Geneva — Nigerian troops will remain in Mali till the crisis is over, President Goodluck Jonathan has said.
President Jonathan, who spoke to reporters in Geneva, yesterday, said the country's troops would stay back in the crisis-ridden country until elections there are over.
Meanwhile, Nigeria has boosted security on its borders in anticipation of increased attacks by Boko Haram militants after it sent troops to help expel Islamists from northern Mali, a military spokesman said.
"If they are part of al-Qaeda in the Maghreb, if they are in support of the northern Mali crisis, there is every possibility that they will heighten their attacks," Colonel Mohammed Yerima, Director of Information at Nigeria's Defence Ministry, said yesterday in Abuja. "On our own side, we're strategizing on how to counter them," he added.

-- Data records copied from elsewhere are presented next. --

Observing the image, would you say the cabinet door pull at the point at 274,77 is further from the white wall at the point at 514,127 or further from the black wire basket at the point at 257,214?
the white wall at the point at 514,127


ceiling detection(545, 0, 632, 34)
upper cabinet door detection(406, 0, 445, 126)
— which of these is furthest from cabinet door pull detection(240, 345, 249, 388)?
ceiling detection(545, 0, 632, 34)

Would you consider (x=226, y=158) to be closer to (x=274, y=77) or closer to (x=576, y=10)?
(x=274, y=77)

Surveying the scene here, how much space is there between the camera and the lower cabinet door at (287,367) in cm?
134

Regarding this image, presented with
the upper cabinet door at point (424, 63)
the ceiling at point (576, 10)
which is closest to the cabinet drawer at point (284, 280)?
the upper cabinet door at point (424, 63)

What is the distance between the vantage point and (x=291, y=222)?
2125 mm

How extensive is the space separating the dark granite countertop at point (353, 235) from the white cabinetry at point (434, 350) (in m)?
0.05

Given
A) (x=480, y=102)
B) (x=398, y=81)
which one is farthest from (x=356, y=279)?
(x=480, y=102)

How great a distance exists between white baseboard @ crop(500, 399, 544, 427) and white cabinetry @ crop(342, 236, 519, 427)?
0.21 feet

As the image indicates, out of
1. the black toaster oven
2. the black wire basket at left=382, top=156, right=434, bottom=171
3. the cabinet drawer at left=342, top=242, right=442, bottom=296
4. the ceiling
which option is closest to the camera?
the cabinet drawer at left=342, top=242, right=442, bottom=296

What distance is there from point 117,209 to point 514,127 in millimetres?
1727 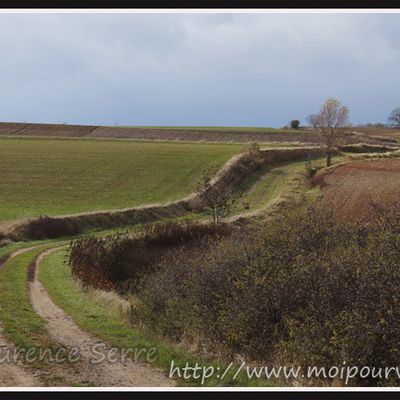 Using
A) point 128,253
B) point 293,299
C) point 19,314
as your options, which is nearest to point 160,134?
point 128,253

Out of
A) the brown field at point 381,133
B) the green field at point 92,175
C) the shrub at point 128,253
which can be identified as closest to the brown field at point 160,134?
the brown field at point 381,133

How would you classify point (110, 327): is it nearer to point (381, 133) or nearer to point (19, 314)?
point (19, 314)

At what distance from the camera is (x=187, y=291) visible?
13898 millimetres

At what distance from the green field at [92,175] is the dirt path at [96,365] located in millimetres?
21037

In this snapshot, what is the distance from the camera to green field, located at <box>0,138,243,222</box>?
3812cm

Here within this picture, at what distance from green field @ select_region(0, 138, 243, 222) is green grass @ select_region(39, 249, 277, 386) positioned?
16268 millimetres

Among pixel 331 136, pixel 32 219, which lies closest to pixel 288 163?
pixel 331 136

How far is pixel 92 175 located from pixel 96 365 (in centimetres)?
4073

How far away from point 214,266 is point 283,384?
536cm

Nigeria plans to deploy up to 1,200 troops as part of a West African intervention force to support French and Malian troops battling Islamist militants in the Sahara desert.

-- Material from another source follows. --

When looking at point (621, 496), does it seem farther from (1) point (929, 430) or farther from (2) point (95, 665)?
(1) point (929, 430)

Allied French and West African forces are seeking to drive the rebels out of northern Mali, which the rebels seized from government forces after a coup last year left a power vacuum.
"We cannot pull out until we have solved the problem. I cannot tell you when we will solve the problem, but Nigeria is totally committed and we remain committed until the crisis is resolved," Jonathan told Reuters in an interview in Geneva.